Inclassable et jubilatoire appel à une militance d'un genre nouveau, un régal qui heurte.
Paru en 2005 chez Verticales, après deux premières publications aux éditions
Al Dante, le troisième opus d'
Eric Arlix est un texte bien curieux, à la fois adresse, manifeste, construction idéologique secrète, journal de bord fictif, méthode de développement politique personnel ou encore pamphlet intransigeant de la non-résignation face aux rudesses ambiantes triomphantes.
« Je + Nous = Jou », en réduisant à sa plus simple expression, abusivement, l'équation complexe proposée par l'auteur, exprime sur un mode ludique et néanmoins extrêmement sérieux, nourri par un sens joyeux de la formule qui cible pile, une tentative d'extraire du désenchantement un militantisme radical et collectif, en rejet évident de l'abjection capitaliste terminatorienne, mais presque autant en volonté d'unir, synthèse désormais extraordinairement difficile, l'aspiration individuelle libertaire, trop nourrie par les sirènes consuméristes ou anarchisantes à la petite semaine, et l'indispensable émancipation collective, apparemment toujours davantage hors d'atteinte, égratignant d'ailleurs largement au passage la tentation peu productive de la fuite « freestyle » dans quelque paradis pirate ou zone d'autonomie temporaire…

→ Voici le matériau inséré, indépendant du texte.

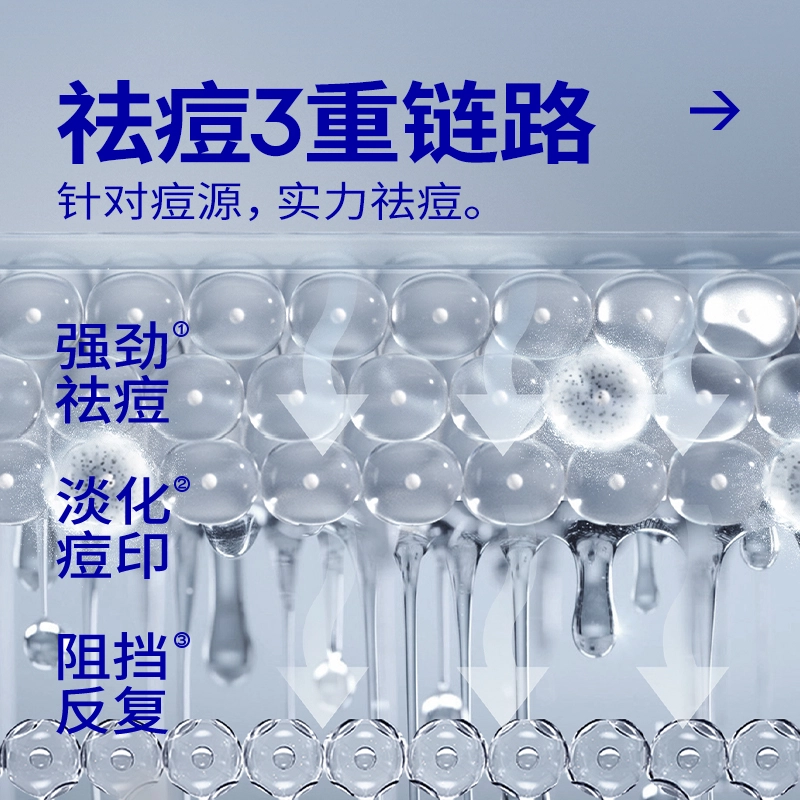 尊蓝 尊蓝控油祛痘套装 提亮美白祛斑补水控油 护肤套装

Savoureuse initiation énigmatique où résonnent certains des accents magiques du
Hugues Jallon de «
Zone de combat », recensement des pièges sémantiques et désirants semés un peu partout qui évoque aussi le grand « United Emmerdements of New Order » de
Jean-Charles Massera, manuel de guérilla anti-marchande et anti-spectaculaire dans lequel surgirait par moments le Volodine /
Soudaïeva des «
Slogans » : « le monde Jou » est tout cela, et régale son lecteur de phrases qui détournent et retournent joyeusement les sens usuels pour poser, mine de rien, de diablement embarrassantes questions à nos résignations et à nos égoïsmes.